• PROVIDED MATERIAL
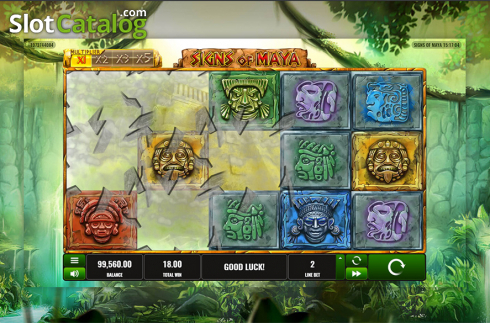 Bildschirm4. Signs of Maya slot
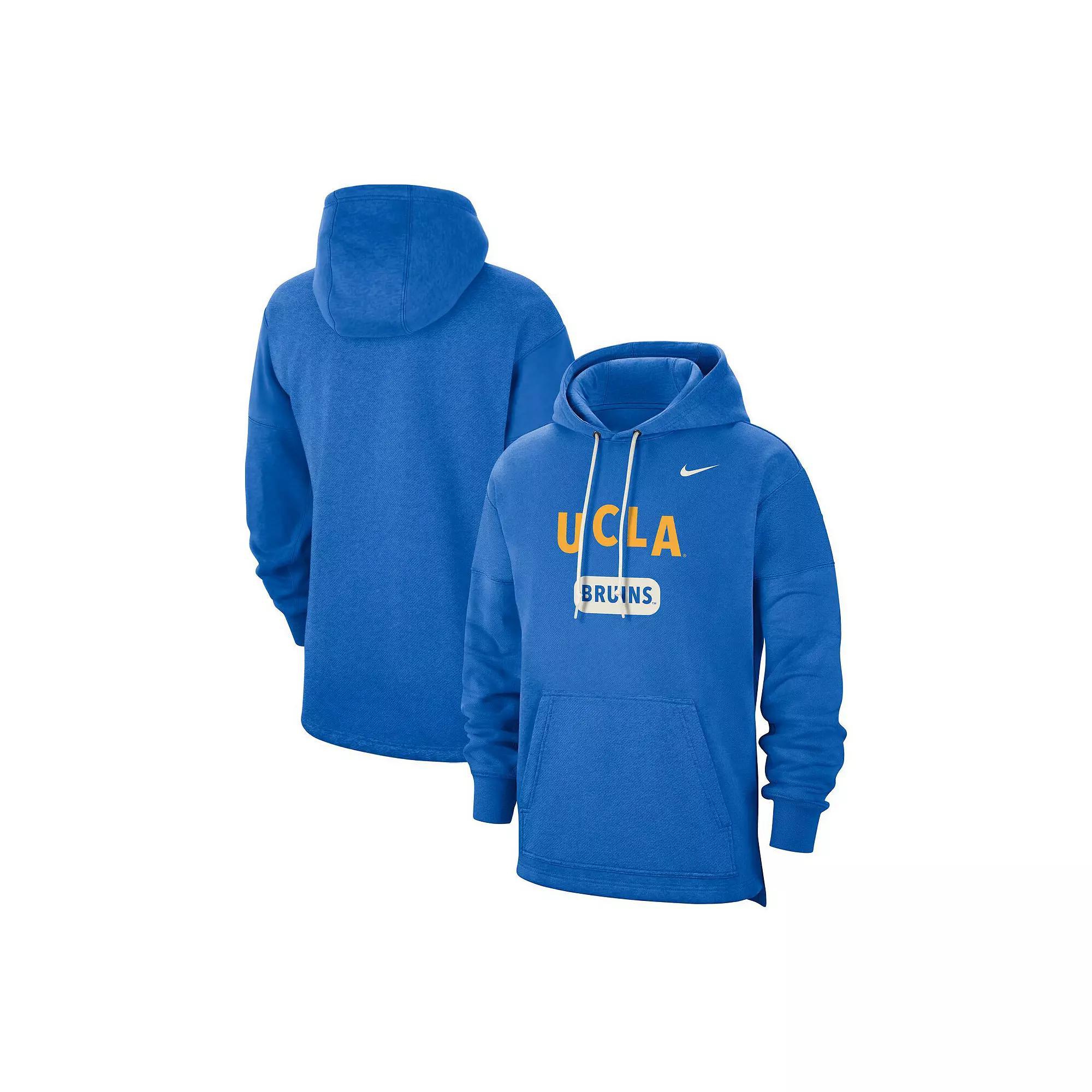 Men's Nike Blue UCLA Bruins Team Arch Fan Pullover Hoodie, Size: 2XL Product Image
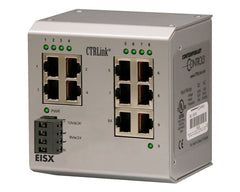 Contemporary Controls EISX8M-100T/FT 6-port 100BASE-TX, 2-port 100BASE-FX ST MMF compact managed switch   | Blackhawk Supply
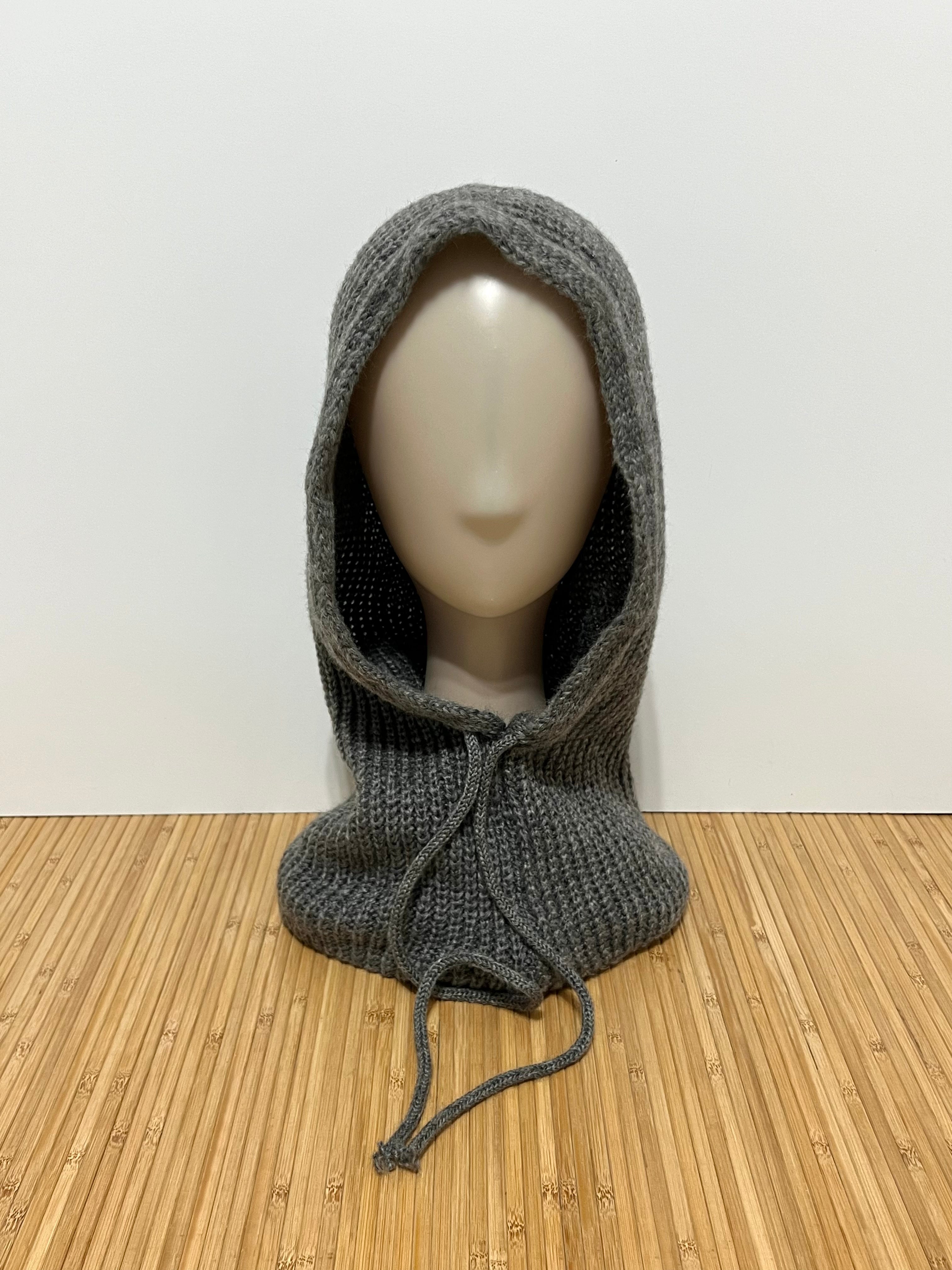 Balaclava de Punto Grueso con Cordón Ajustable – Capucha y Bufanda de Invierno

• PROBLEM STATEMENT
Pictures stay out; everything else in the listing above gets restated word for word.

• YOUR RESPONSE
 Bildschirm4. Signs of Maya slot
 Men's Nike Blue UCLA Bruins Team Arch Fan Pullover Hoodie, Size: 2XL Product Image
 Contemporary Controls EISX8M-100T/FT 6-port 100BASE-TX, 2-port 100BASE-FX ST MMF compact managed switch   | Blackhawk Supply
 Balaclava de Punto Grueso con Cordón Ajustable – Capucha y Bufanda de Invierno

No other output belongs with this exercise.